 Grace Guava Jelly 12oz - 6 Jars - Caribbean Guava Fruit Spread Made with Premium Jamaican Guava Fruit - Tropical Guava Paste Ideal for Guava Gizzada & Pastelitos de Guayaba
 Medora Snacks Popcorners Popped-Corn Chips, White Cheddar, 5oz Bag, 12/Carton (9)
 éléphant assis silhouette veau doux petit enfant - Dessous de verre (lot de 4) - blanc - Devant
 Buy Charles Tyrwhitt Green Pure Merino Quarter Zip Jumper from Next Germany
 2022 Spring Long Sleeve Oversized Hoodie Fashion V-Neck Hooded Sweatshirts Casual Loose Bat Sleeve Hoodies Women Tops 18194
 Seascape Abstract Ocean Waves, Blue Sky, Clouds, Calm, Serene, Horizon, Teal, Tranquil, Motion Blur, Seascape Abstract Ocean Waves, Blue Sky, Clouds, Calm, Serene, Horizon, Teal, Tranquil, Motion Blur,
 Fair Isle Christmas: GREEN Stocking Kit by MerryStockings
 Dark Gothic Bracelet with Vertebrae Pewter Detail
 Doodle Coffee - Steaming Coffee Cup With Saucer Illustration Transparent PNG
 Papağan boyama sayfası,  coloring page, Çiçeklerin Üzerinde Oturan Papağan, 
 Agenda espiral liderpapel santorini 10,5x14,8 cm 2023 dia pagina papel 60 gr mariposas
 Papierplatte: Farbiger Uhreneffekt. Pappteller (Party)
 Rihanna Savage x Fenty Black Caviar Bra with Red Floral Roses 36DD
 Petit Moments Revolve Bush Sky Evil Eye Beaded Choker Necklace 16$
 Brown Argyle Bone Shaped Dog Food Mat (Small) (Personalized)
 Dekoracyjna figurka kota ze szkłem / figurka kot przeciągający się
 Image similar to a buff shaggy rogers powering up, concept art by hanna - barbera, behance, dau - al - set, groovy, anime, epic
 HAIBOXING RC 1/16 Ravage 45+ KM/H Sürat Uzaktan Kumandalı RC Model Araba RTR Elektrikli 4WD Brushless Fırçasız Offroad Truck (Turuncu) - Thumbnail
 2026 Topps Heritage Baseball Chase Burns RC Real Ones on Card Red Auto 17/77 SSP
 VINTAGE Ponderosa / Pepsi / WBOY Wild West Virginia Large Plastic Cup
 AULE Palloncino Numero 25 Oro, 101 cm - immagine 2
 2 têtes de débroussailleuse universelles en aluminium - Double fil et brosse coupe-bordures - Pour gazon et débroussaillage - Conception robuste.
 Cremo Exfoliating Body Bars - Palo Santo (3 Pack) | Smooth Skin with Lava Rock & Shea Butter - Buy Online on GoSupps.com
· · · · · · ·
*Aim of the exercise:*
Retype exactly, and only, the lines from the line holding "Petit Moments Revolve" through the last line of the data; both of those lines count.

*Response for this exercise:*
 Petit Moments Revolve Bush Sky Evil Eye Beaded Choker Necklace 16$
 Brown Argyle Bone Shaped Dog Food Mat (Small) (Personalized)
 Dekoracyjna figurka kota ze szkłem / figurka kot przeciągający się
 Image similar to a buff shaggy rogers powering up, concept art by hanna - barbera, behance, dau - al - set, groovy, anime, epic
 HAIBOXING RC 1/16 Ravage 45+ KM/H Sürat Uzaktan Kumandalı RC Model Araba RTR Elektrikli 4WD Brushless Fırçasız Offroad Truck (Turuncu) - Thumbnail
 2026 Topps Heritage Baseball Chase Burns RC Real Ones on Card Red Auto 17/77 SSP
 VINTAGE Ponderosa / Pepsi / WBOY Wild West Virginia Large Plastic Cup
 AULE Palloncino Numero 25 Oro, 101 cm - immagine 2
 2 têtes de débroussailleuse universelles en aluminium - Double fil et brosse coupe-bordures - Pour gazon et débroussaillage - Conception robuste.
 Cremo Exfoliating Body Bars - Palo Santo (3 Pack) | Smooth Skin with Lava Rock & Shea Butter - Buy Online on GoSupps.com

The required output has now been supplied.